Bank Indonesia (BI) and several economists believe that repatriated funds from the tax amnesty will be insufficient to boost credit growth this year. They predict that the funds will not contribute to financing until next year.
Bank business plans have set a credit disbursement target of 12 - 14 percent this year. However, the central bank and Financial Services Authority (OJK) project a lower rate.
Executive Director of BI’s Macro Economic and Monetary Policy Department Juda Agung projects credit growth of just 10 - 12 percent in 2016. Meanwhile, credit disbursement could increase 2 - 3 percent above the baseline next year.
This low estimate stems from sluggish credit demand despite the expected influx of funds from tax amnesty. “In terms of supply, it’s huge. But demand must be driven first in order to see a balance between supply and demand,” Juda said on Friday last week. (Read: Hutama Karya to Use Repatriated Funds for Trans Sumatra Project).
Previously, OJK Executive Head of Banking Supervision Nelson Tampubolon said credit growth could reach 10 - 14 percent.

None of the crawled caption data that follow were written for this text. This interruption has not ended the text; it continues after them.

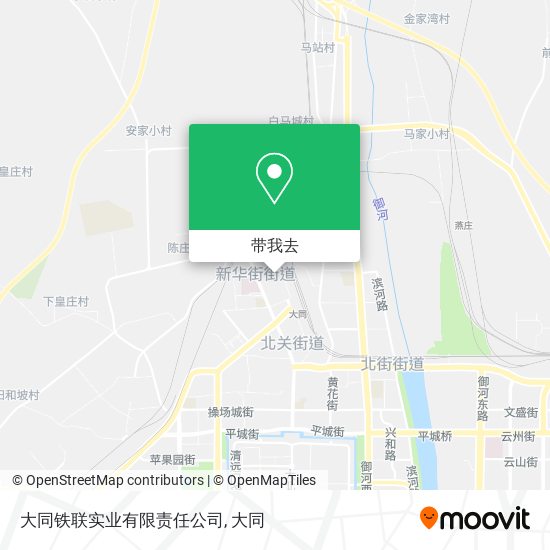 大同铁联实业有限责任公司地图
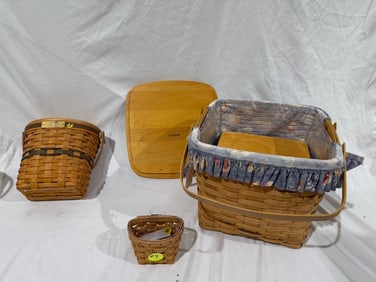 3 Longaberger Baskets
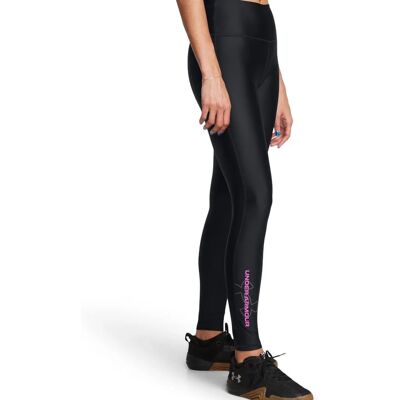 Leggings Under Armour Tech Branded - Femmes Noir / Vivid Magenta / Castlerock XS - Leggings - Publicité Leggings Under Armour Tech Branded - Femmes Noir / Vivid Magenta / Castlerock XS - Leggings - Publicité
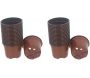 Set de 18 pots de plantation ronds 9 cm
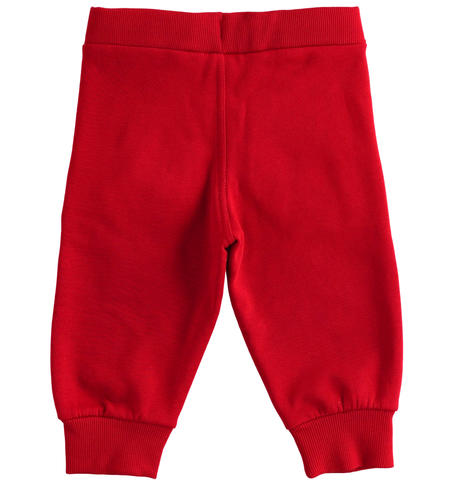 Pantalone felpato bambino - da 9 mesi a 8 anni iDO ROSSO-2253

He then admitted that this target was then lowered to a maximum of 12.5 percent due to the sluggish economy.
“This calculation did not include the tax amnesty program. There might be another revision at the middle of the second semester,” he said.
Meanwhile, Bank Central Asia (BCA) economist David Sumual predicted the tax amnesty program would have a maximum impact on credit growth of just 3.5 percent. This assumption was based on the government’s calculation that repatriated monies could amount to IDR 1,000 trillion.
However, if based on BI’s assumption, the state would receive only IDR 560 trillion from repatriated funds. Therefore, David projected the program would have an impact of just 1.5 percent on credit growth in two years.
David was unsure whether the private sector would immediately increase their credit to boost investment until domestic and global consumption improves. “Credit is only at 8 percent now; it could increase by 3.5 percent in the next two years. That would be due to the tax amnesty alone. Other factors could increase (this rate),” David told Katadata on Friday.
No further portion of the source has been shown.